Exercise details: Output only the lines below from the one holding "Blak-balakan Soal Nafkah" down to the one holding "Read Overgeared (Team", both end lines included and every picture dropped.

Supplied records:
- Opening Delimiter -

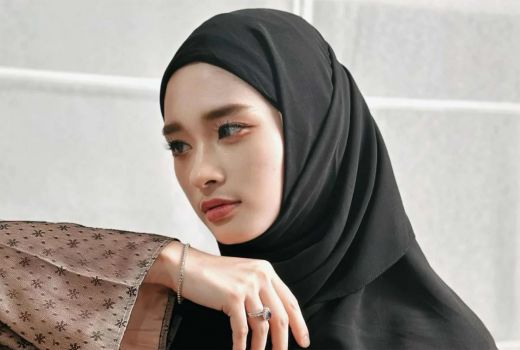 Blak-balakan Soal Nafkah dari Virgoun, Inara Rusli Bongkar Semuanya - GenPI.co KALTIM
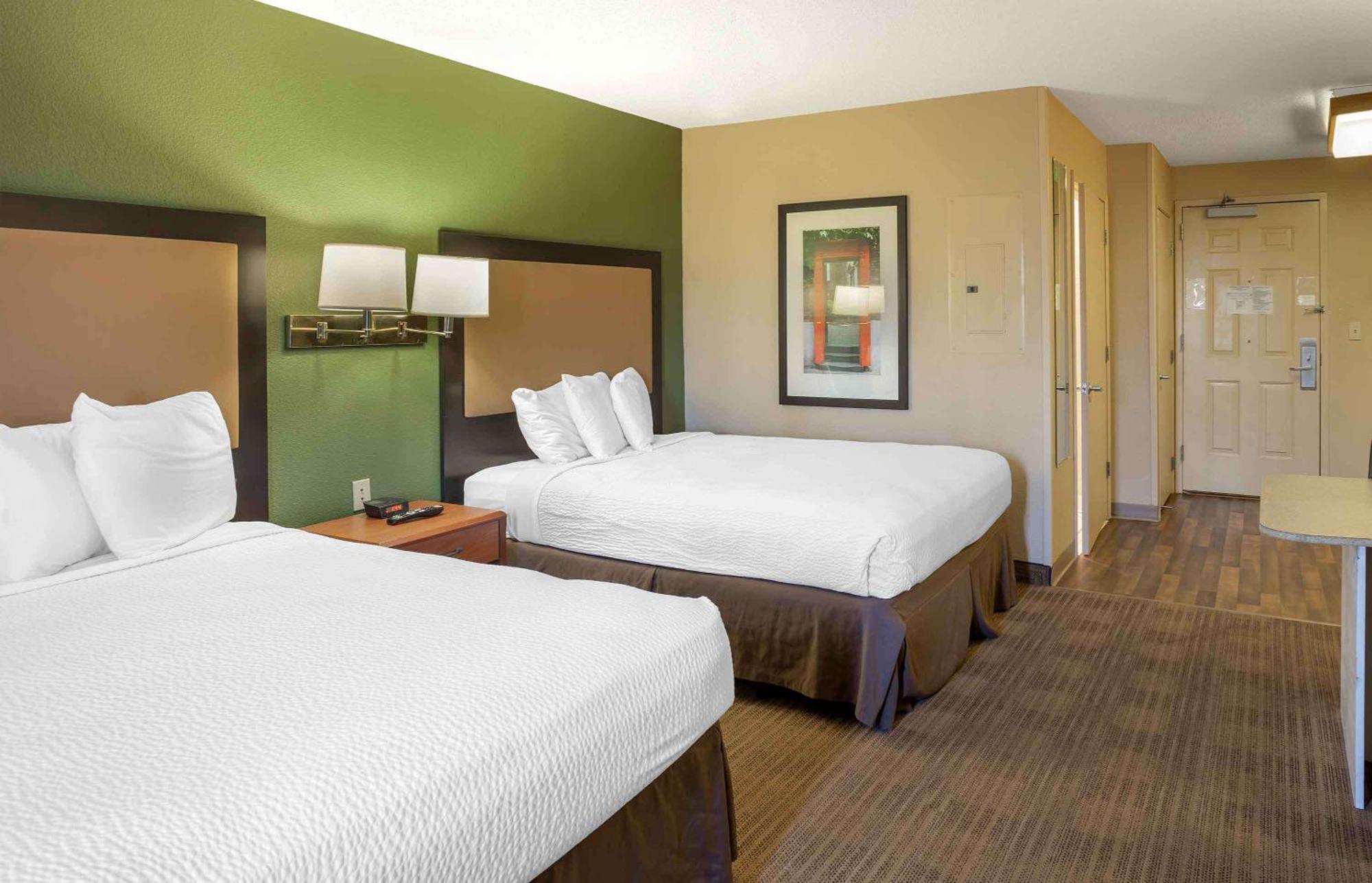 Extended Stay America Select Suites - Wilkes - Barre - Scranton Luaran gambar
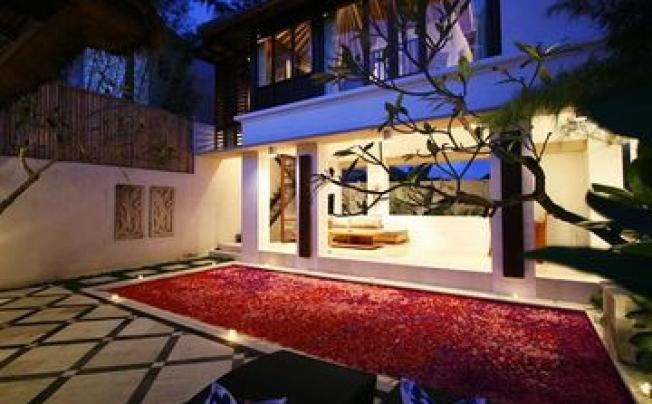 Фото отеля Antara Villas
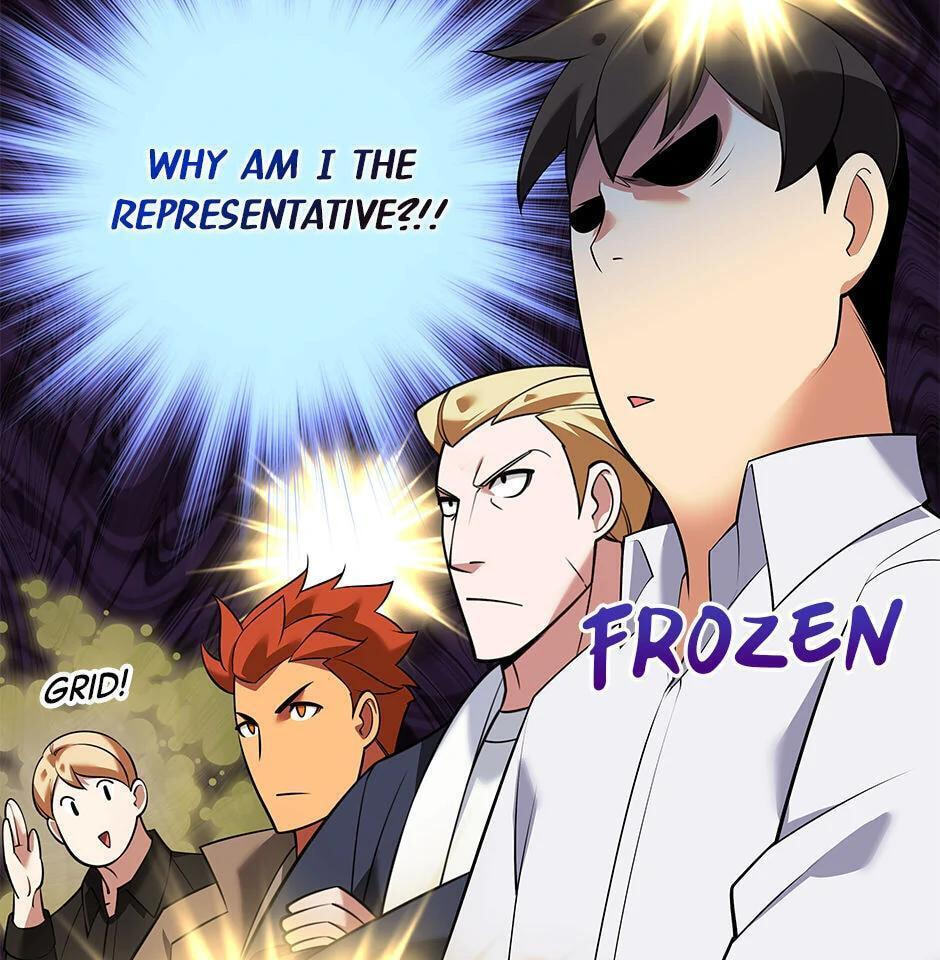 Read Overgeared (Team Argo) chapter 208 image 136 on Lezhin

- Closing Delimiter -
- Opening Delimiter -

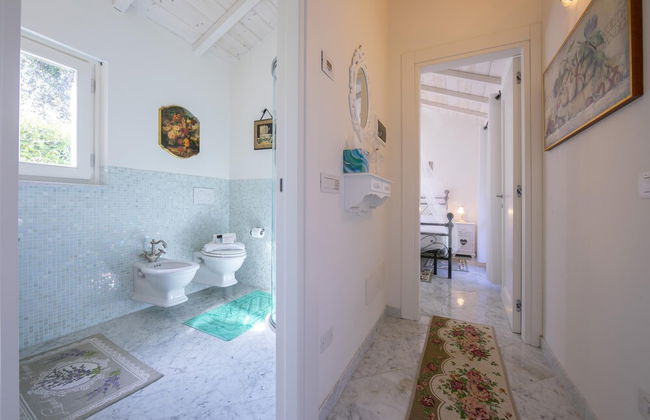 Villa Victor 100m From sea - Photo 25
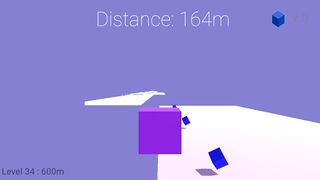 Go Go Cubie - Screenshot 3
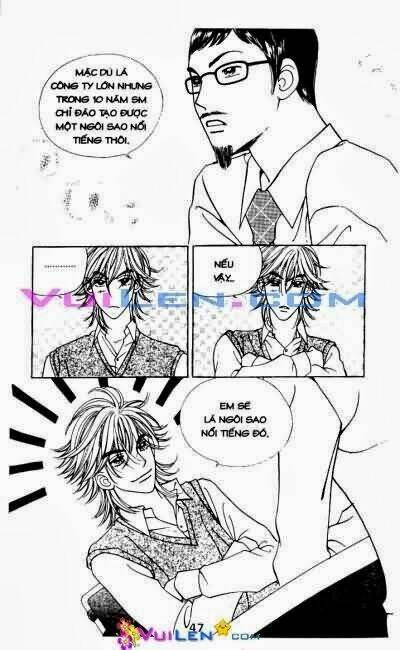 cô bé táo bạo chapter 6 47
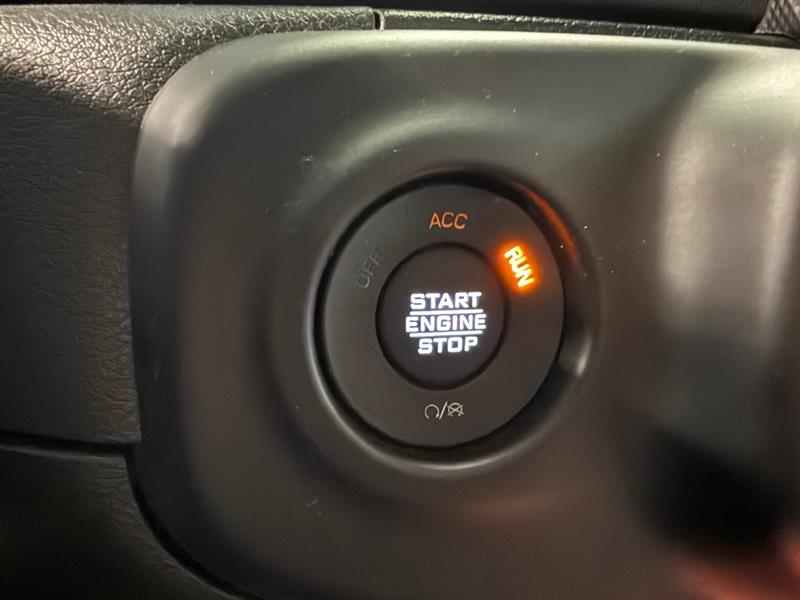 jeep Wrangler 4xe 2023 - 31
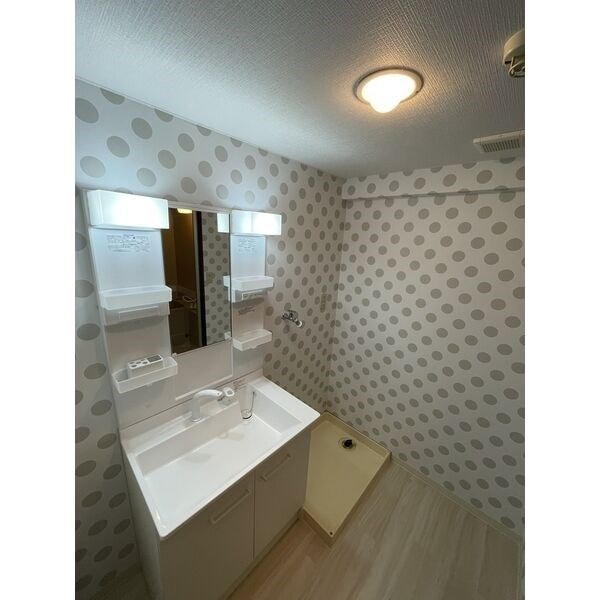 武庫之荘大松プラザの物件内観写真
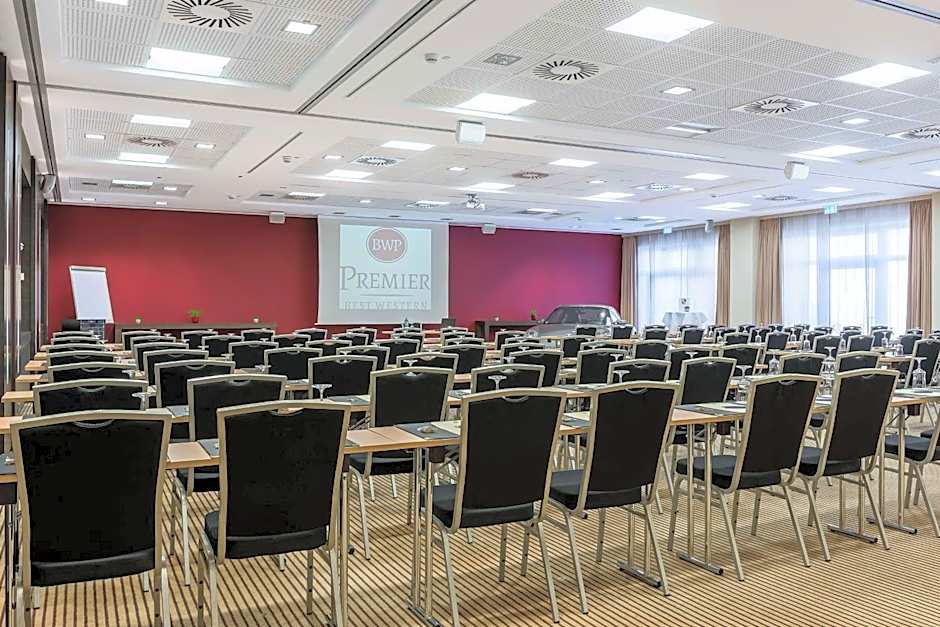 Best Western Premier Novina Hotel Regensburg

- Closing Delimiter -

Response:
 Blak-balakan Soal Nafkah dari Virgoun, Inara Rusli Bongkar Semuanya - GenPI.co KALTIM
 Extended Stay America Select Suites - Wilkes - Barre - Scranton Luaran gambar
 Фото отеля Antara Villas
 Read Overgeared (Team Argo) chapter 208 image 136 on Lezhin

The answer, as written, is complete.